The semester has started, and we’re all busy with classes, assignments, grading, and deadlines. But don’t miss this advice from Sara Rose Cavanagh: “Once you’ve hit the groove in your semester where everything is running smoothly,… shake things up.” Her advice guide, How to Make Your Teaching More Engaging, offers more.
More engagement ideas can be found in the Flexible Instruction Teaching Guide developed by the Dutton Institute learning designers.
If you’re concerned that this will take more time than you’ve got, never fear! In February, Teaching and Learning with Technology (TLT) will be holding sessions on areas of interest to the University community, including a session on Time Management Strategies for the Busy Engaging Instructor. And don’t forget Sara Rose Cavanagh’s The Spark of Learning: Energizing the College Classroom with the Science of Emotion, which is available as an e-book via the Penn State Libraries.
If you offer extra credit opportunities for your students, take some time to evaluate your practice with a critical eye. The article Use Revise and Resubmit Instead of Extra Credit makes an excellent case for motivating students with rewards for persistence instead of awarding points for work that doesn't help improve deficiencies.
Maybe you use group projects to encourage collaboration and mirror "real-world" teamwork. But do you teach how to effectively engage in teamwork? The Chronicle of Higher Ed's Why and How to Teach Teamwork has ideas you can put to use immediately.
It's pretty well known that active participants learn more than passive listeners and that when students can discuss their ideas with their peers, knowledge is shared and misconceptions can be addressed and clarified. To help both of these things occur in your classroom, consider the brief advice in Three Questions to Help Facilitate Effective Classroom Discussions, which is focused on strengthening "students' ability to lead, critically think, and assess their own learning."
Advancing Inclusive Teaching
In an effort to better address inclusivity and accessibility, faculty development at Penn State World Campus will offer revamped versions of several of their courses, which take place online and are free of charge to Penn State faculty, staff, and graduate students. These courses provide valuable, practical information for all instructors (face-to-face and online). Registration is currently open for courses that run this spring! For more information, see the article Online Courses Include Focus on Inclusiveness, Accessibility.
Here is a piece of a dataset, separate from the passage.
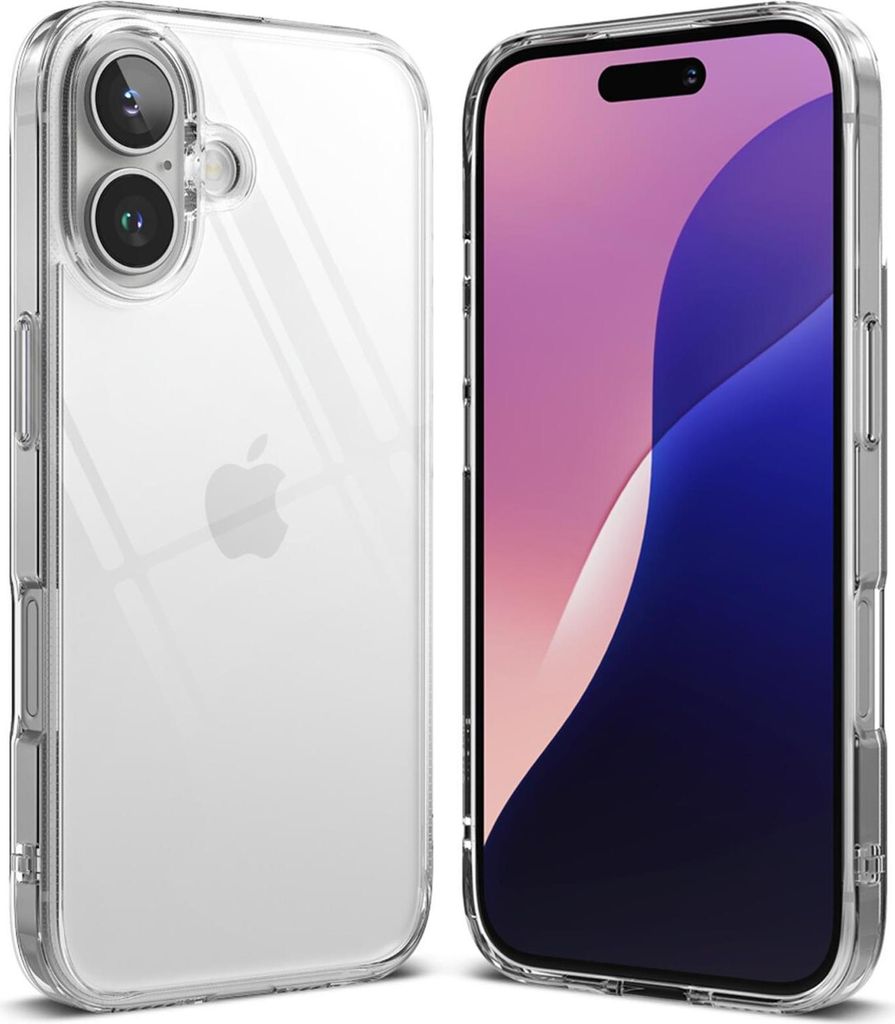 A clear protective case for an Apple iPhone is shown, with the back of the phone on the left and the front on the right.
Our own Schreyer Institute for Teaching Excellence offers Strategies for Inclusive Teaching, a resource designed to help instructors evaluate course content and materials, help promote opportunities for success, and to foster inclusivity. For a deeper dive, dig into A Tool to Advance Inclusive Teaching Efforts: The "Who's in Class?" Form. This short journal article cites reported benefits from use of the "Who's in Class" form, a tool (provided for you) developed to increase awareness of "learners' diverse attributes and identities" and the "implementation of inclusive teaching practices."